Evrim Ağacı’ndan Çağrı Mert Bakırcı’nın haberine göre, tsunamileri, rüzgarlar veya gelgitlerin neden olduğu, daha tanıdık olan yüzey dalgalarından ayıran en önemli fark, tsunamilere özgü iki dalga tepesi arasındaki mesafenin (dalgaboyu) oldukça büyük olmasıdır. Yüzey dalgaları genellikle daha kısa mesafelerde hareket ederken, tsunamilerde bu mesafe yüzlerce kilometreye kadar çıkabilir. Bu durum, tsunami öncesinde kıyı sularının geri çekilmesine yol açar. Aşağıdaki görseldeki kırmızı parçacıklar takip edilerek bu durum net bir şekilde gözlemlenebilir:
Dalga önündeki su ritmik olarak geri çekiliyor. Bu işaret, çok kısa bir süre içinde kıyıya tsunami vuracağının en önemli belirtisidir. (Wikipedia)
Tsunamilerin oluşmasına en çok neden olan jeolojik unsurlar; bindirme fay hatları ve ters fay hatlarıdır. Yıkıcı tsunamilerin %10-15’i, doğrultu atımlı depremler sebebiyle meydana gelir. Bu tür depremlerde okyanus tabanı yatay olarak kayar. Tsunamilerin başka bir nedeni de kıyılarda meydana gelen büyük heyelanlar, kaya düşmeleri veya buzul parçalanmalarıdır. Bu tür olaylar, tsunamiyi tetikleyebilse de, daha nadir görülmektedir. Bu tsunamileri tehlikeli kılan, depremlerin aksine, genellikle hiçbir uyarı vermeksizin meydana gelmeleri ve çevrede büyük yıkımlara neden olabilmeleridir.
Örneğin, 17 Temmuz 1998’de Papua Yeni Gine’de yaşanan 7.0 büyüklüğündeki bir deprem, heyelanları tetiklemiş ve bu durum sonucunda oluşan tsunami, 2.200 kişinin ölümüne ve 10.000 kişinin evsiz kalmasına yol açmıştır. Ayrıca, su altı ve su üstü volkanik faaliyetler de tsunamileri tetikleyebilir. Özellikle lav fışkırmaları, deniz altı volkan patlamaları, kaldera oluşumları ve volkanik heyelanlar, büyük miktarda suyun yer değiştirmesine neden olarak tsunamileri oluşturabilir. Hava olayları, özellikle de şiddetli hava basıncı değişimleri, meteotsunami adı verilen tsunamileri de tetikleyebilir.
Tsunamiler genellikle dalga büyüklüğü ile anılsa da, bir tsunaminin dalgaları her zaman büyük olmak zorunda değildir.
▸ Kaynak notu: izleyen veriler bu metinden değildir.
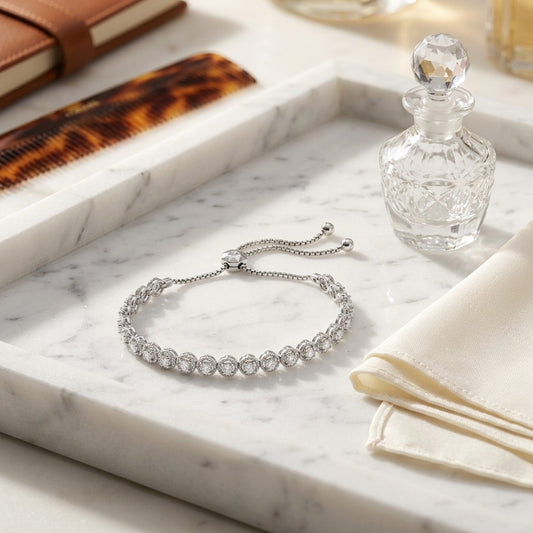 Diamond Round Links Bracelet 2-1/6ctw in 14K White Gold - editorial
Asıl önemli olan, yüzeyin altında büyük miktarda suyun yer değiştirmesidir. Bir fay hattı kırıldığında ve su kolonu aniden yer değiştirirse, bu durum normal yüzey dalgalarından çok daha büyük miktarda suyun yer değiştirmesine neden olur. Tsunamilerin derin denizlerde meydana gelen dalgaları, kıyıya yaklaştıkça su derinliğinin azalması nedeniyle yükseklik kazanır. Rüzgarlarla oluşan yüzey dalgalarında, iki dalga arasındaki mesafe genellikle 100 metre kadar iken, derin okyanusta yaşanan tsunamilerde bu mesafe 200 kilometreyi bulabilmektedir. Okyanus açıklarında bu dalgalar, çoğu zaman sadece 30 santimetre ile 1 metre arasında büyüklüklere sahiptir ve saatte 800 kilometreye kadar hızla hareket edebilirler; bu da onları gözle görünmez hale getirebilir.
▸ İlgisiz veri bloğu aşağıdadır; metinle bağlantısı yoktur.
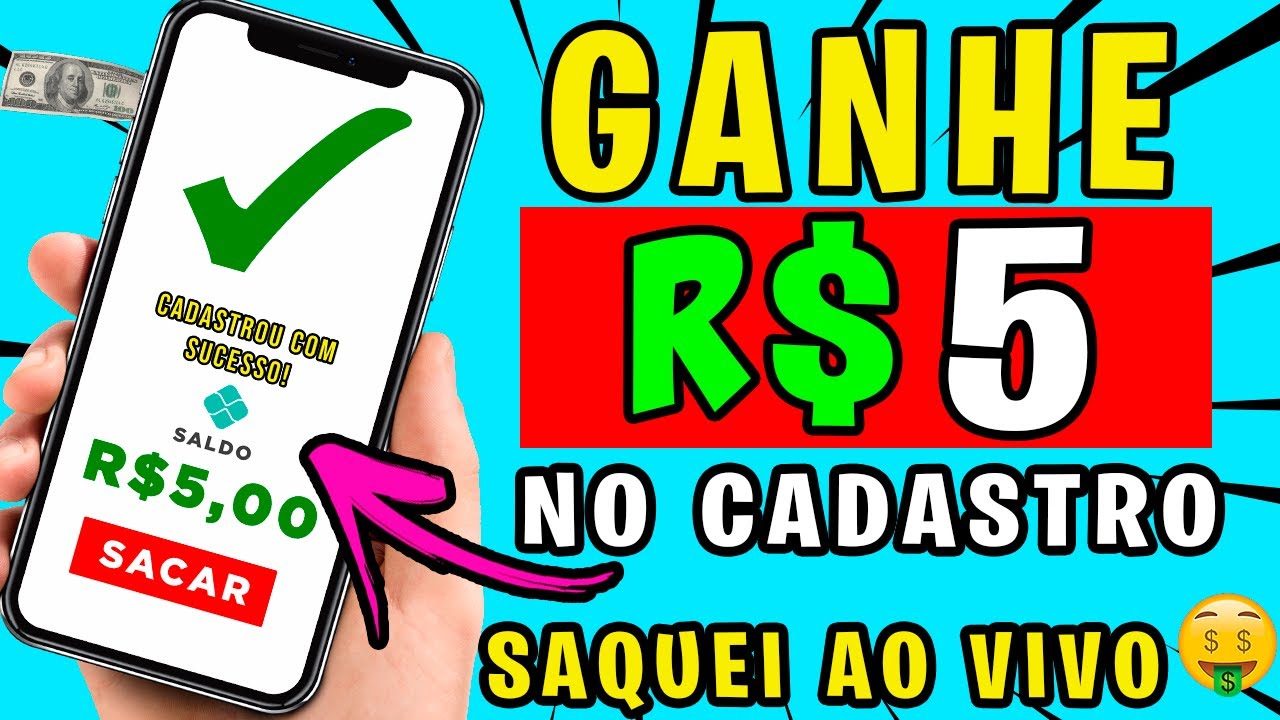 🤑SAQUEI AO VIVO🤑CADASTRE E GANHE R$5 NA HORA VIA PIX – APP PAGANDO NO CADASTRO – CADASTROU GANHOU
Kıyıya ulaşan tsunamiler, hızla yavaşlayarak saatte 30-50 kilometre hıza düşer ve kıyıya vurmadan önce kıyı sularının geri çekilmesine neden olur. Ancak bu geri çekilme, gerçek gelgitlerde olduğu gibi Ay ve Güneş’in etkisiyle değil, tsunami dalgalarının kendisi tarafından oluşturulmaktadır. Bu nedenle, tsunamilerin “gelgit dalgası” olarak adlandırılması yanlıştır. Ay ve Güneş kaynaklı gelgit döngüleri ile örtüşmeyen su çekilmeleri, tsunamilerin en belirgin işaretlerindendir. Bu tür anormal kıyı suyu aktiviteleri görüldüğünde, derhal yüksek bir yere ulaşılmalı ve kıyıdan uzaklaşılmalıdır. Sonrasında dalganın gücüyle kıyıya gelen su, genellikle giderek büyüyen dalgalar oluşturur. Ancak, bazı tsunamiler sadece birkaç santimetre veya metre büyüklüğünde olabilir. Önemli olan, açığa çıkan büyük miktarda suyun kıyıya vurmasıdır.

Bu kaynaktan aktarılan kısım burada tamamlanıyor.